Lesson 3: Claude Code-style agent

This is where the course moves from “pattern” to “operator workflow.” You are still inside the same QitOS kernel (the core AgentModule + Engine execution loop), but now the agent must behave well over many steps inside a workspace. This raises new design questions:

should you still build the tool surface by hand?
how much workflow discipline belongs in the system prompt?
when is HistoryPolicy enough?
when do you need CompactHistory (summarizing older context to stay within token limits) or explicit memory?

The lesson studies examples/real/claude_code_agent.py.

What changes from lesson 2

Branch	Lesson 2	Lesson 3
Tools	Manual registry around a trimmed `CodingToolSet`	`coding_tools(...)` preset registry
Prompt	Planner + executor prompts	One workflow-heavy system prompt
State	Plan and cursor	Todos, mode, target file, verification command, optional doc URL
History	Default behavior	Explicit `HistoryPolicy(max_messages=16, max_tokens=2800)`
Memory	None	Still none by default, but now memory becomes a real design option
Compaction	Not introduced	Introduced as an upgrade path for longer runs — summarizing older context to stay within token limits

The system prompt now defines workflow discipline

Unlike lesson 1, this prompt is not just a parser contract. It also encodes operating style:

Workflow:
- Start by writing a todo list with `todo_write`.
- If you are unsure which tool to use, call `tool_search`.
- Read before you edit.
- Make the smallest correct change.
- Run verification immediately after editing.
- Only use `web_fetch` when the task needs documentation.

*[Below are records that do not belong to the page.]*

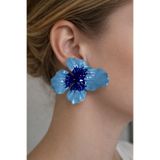 Modex Geometrik Şekilli Mavi Hafif Çiçek Küpe (8CM)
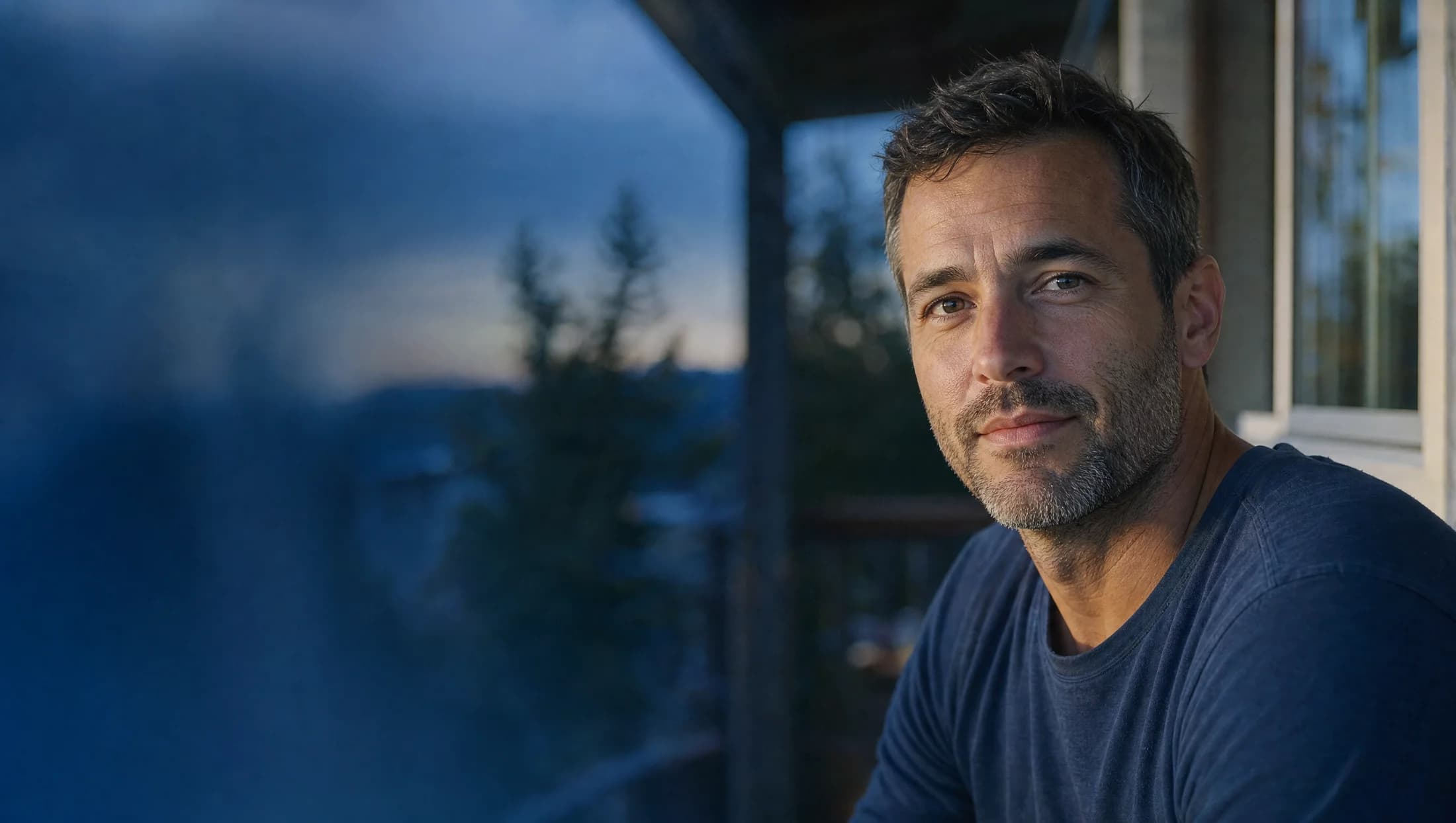 A man sits by an open porch window in the morning light.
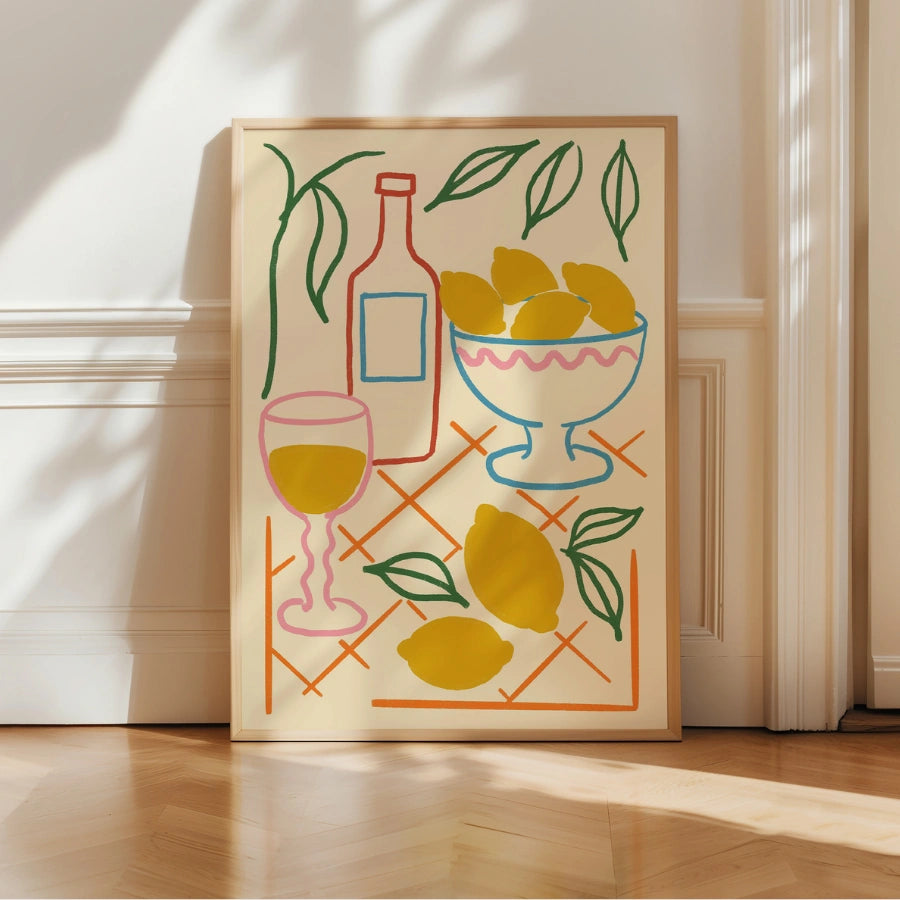 Natura morta con limone, arte murale boho – scena di tavolo mediterraneo 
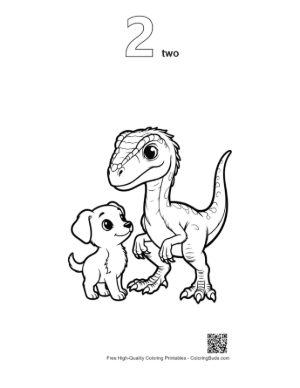 Thumbnail: Cute Raptor Dino and Puppy Friendship Printable Outline Number 2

The full prompt in the example also lists preferred tool patterns. In v0.4, the output contract is no longer hardcoded into the example prompt. It is injected by the active protocol:

Thought: <short reasoning>
Action: <tool_name>(arg=value, ...)
or
Final Answer: <what changed + verification proof>

This is a major QitOS design lesson:

the runtime stays the same
the prompt can become much more operational

The default lesson parser remains ReAct on purpose

Even though the prompt is richer, the parser is still:

model_parser=ReActTextParser()

That is deliberate. You are learning how much of an agent’s behavior can change through:

better state
better tools
better workflow prompting

without immediately changing the parser or protocol.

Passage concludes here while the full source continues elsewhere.